The most notorious stretch in the entire drive is Dalkhola. This junction is a nightmare, when you have to go from south to east and vice versa. The harvesting season compounds the matter; tractors have the right of way and traffic is held up for hours. The other detention point is short of the Dalkhola railway level crossing. Why on earth an overbridge has not been built in all these years is a matter of grave concern. Not a single policeman or traffic warden is seen at any of these places local people, out of their own will, try to reduce tensions. But these points are insufferable. Deep Banerjee had explained in great detail how to avoid the sure to arise crisis if one passes through Dalkhola. He had made me revise a bypass route via Raiganj that would get to Dantola, near Islampur, thereby avoiding Dalkhola and Kishenganj. However, when I reached the turn off to the bypass the road was blocked by ‘civil volunteers’ who said that traffic would not be permitted on that road and that I would have to take the route to Islampur via Dalkhola. I pleaded with the volunteers, but to no avail. I was forced to take the dreaded Dalkhola route and what happened over the next four hours was sheer murder; I did just 80 km. Between 2.30 and 4.30 pm I covered a princely 2 km! One has to maintain a cool that tests the reservoirs of patience and equanimity. Trucks were lined up for kilometers; I followed some adventurous passenger cars to do better than the trucks. Accidents and breakdowns further exacerbated the condition. But, such manmade disasters that are unchanging day after day, all through the year, do not seem to have caught the attention of the state administration. Neither is there any effort to regulate traffic nor is there any indication of action being taken to ease the congestion, by way of augmenting infrastructure. I made use of the idle time to observe behaviours and admire the countryside. Despite the impossible traffic jams and energy sapping weather I did not see a single incident of frayed temper. The ordinary Bengali, I presume, takes everything in his/her stride. The countryside is so beautiful, perhaps because 'development' has yet not spoilt the land.

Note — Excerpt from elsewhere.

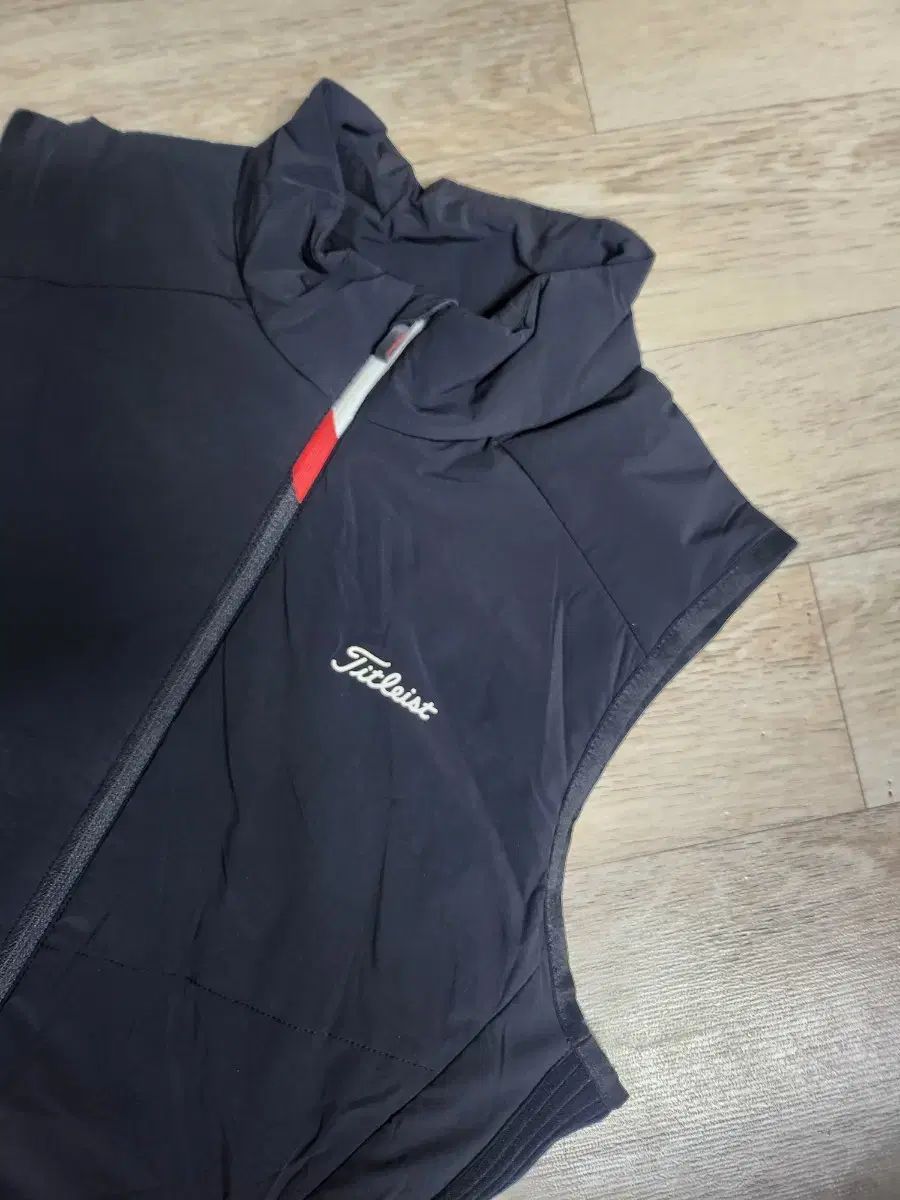 タイトリスト ダウンベスト sサイズ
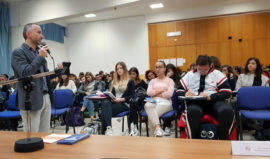 Eta-Manfredonia-Istituto-Notarangelo-Foggia-Incontro-Professor-Grosso-03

Anticipating the holdups en route that could throw a spanner into my schedule for the day I had arranged for Railway Officers’ Rest House (ORH) accommodation in New Jalpaiguri. It was 5 pm by the time I got out of the Dalkhola rut. I was in two minds as to the destination for the night – New Jalpaiguri or Alipurduar; it was 130 km to the former and double the distance to the latter. Somewhere close to Siliguri I decided to take the bypass and set course for Alipurduar. In hindsight that turned out to be the right decision; even though it meant driving late into the night, which I normally avoid. I escaped a few deep excavations on the left side of the road, caused by ongoing road widening works. NHAI must take better care in ensuring safety at the work spot.
I finally reached the Alipurduar ORH well past 10 pm and was shown into a comfortable room. Since it was late the cook had already left for the night and I could not have a hot meal. Over completing the documentation for the day I had a cup of coffee before crashing on the comfortable bed. 717 kms had been done in nearly 18 hours from Kolkata to Alipurduar.